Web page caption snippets

· · · · · · ·

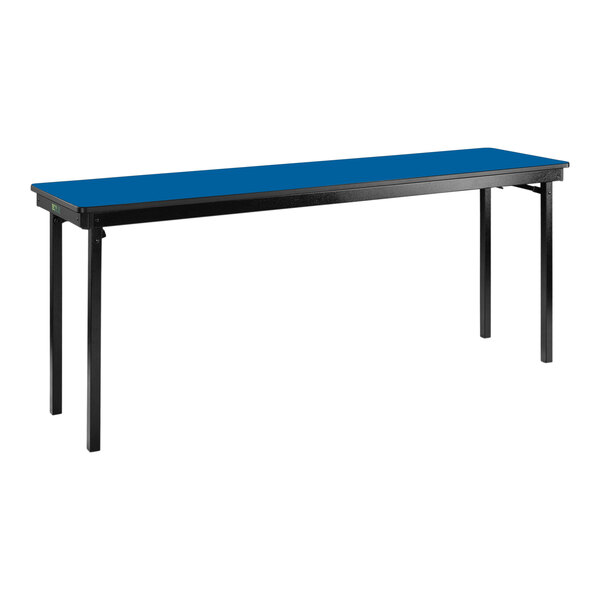 A National Public Seating Persian Blue rectangular folding table with black legs.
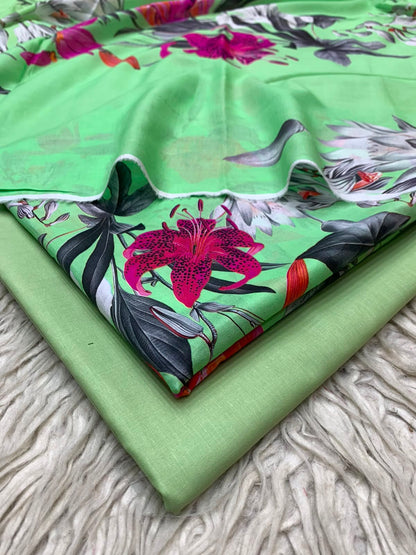 90x88 3Pc Premium Lawn Suit Vol-0020
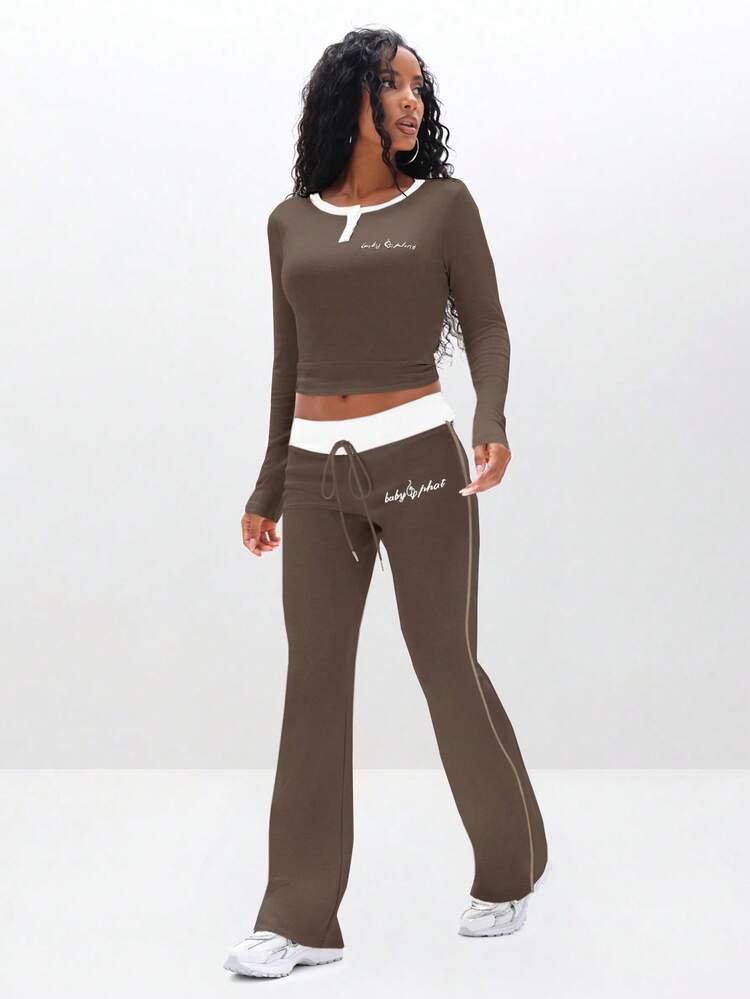 BABYPHAT Ribbed Knit Leggings For Women With Drawstring Waist And Cursive Script Embroidery Casual Everyday Wear Stretchy Comfort Fit Pants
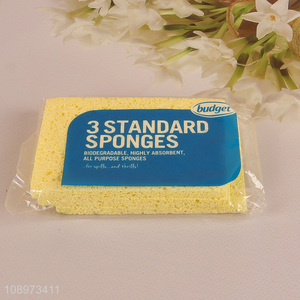 Hot selling 3pcs kitchen cleaning wood pulp cotton sponge block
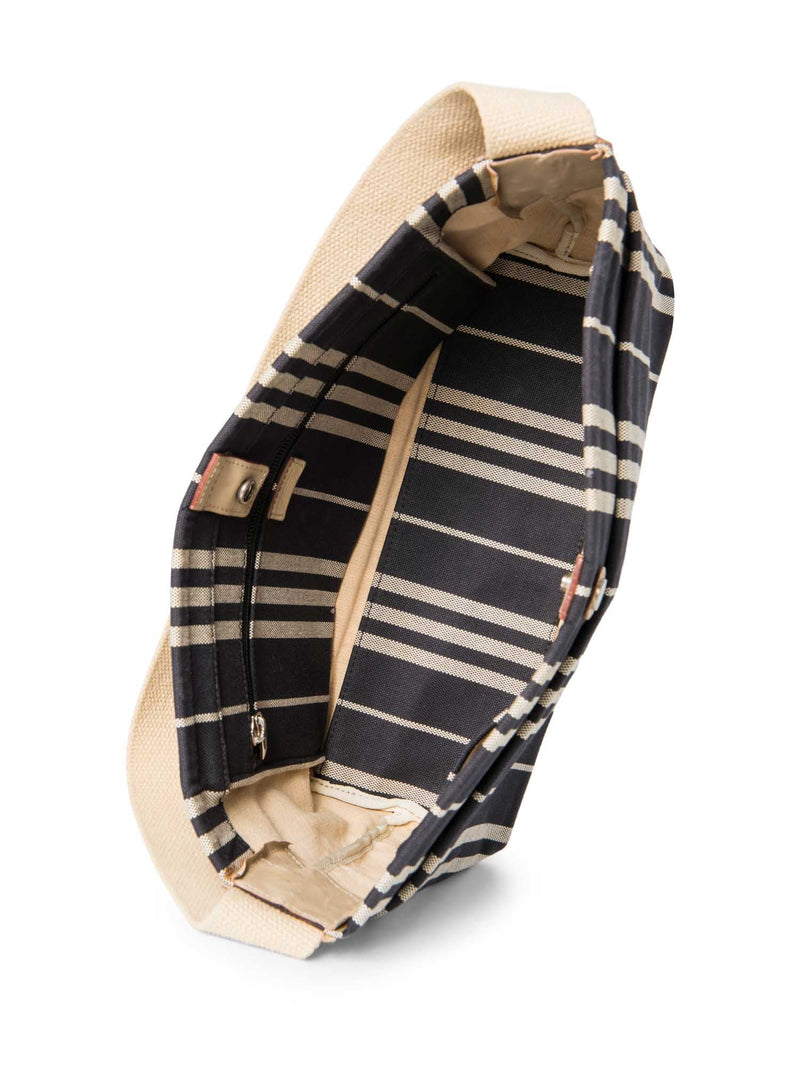 Burberry Logo Striped Canvas Tote Bag Navy Ivory-designer resale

· · · · · · ·

The task: Only the lines from the line with "90x88 3Pc Premium Lawn Suit Vol-0020" through the closing line of the data, both included, should be set down, exactly as written and without pictures.

Expected answer:
 90x88 3Pc Premium Lawn Suit Vol-0020
 BABYPHAT Ribbed Knit Leggings For Women With Drawstring Waist And Cursive Script Embroidery Casual Everyday Wear Stretchy Comfort Fit Pants
 Hot selling 3pcs kitchen cleaning wood pulp cotton sponge block
 Burberry Logo Striped Canvas Tote Bag Navy Ivory-designer resale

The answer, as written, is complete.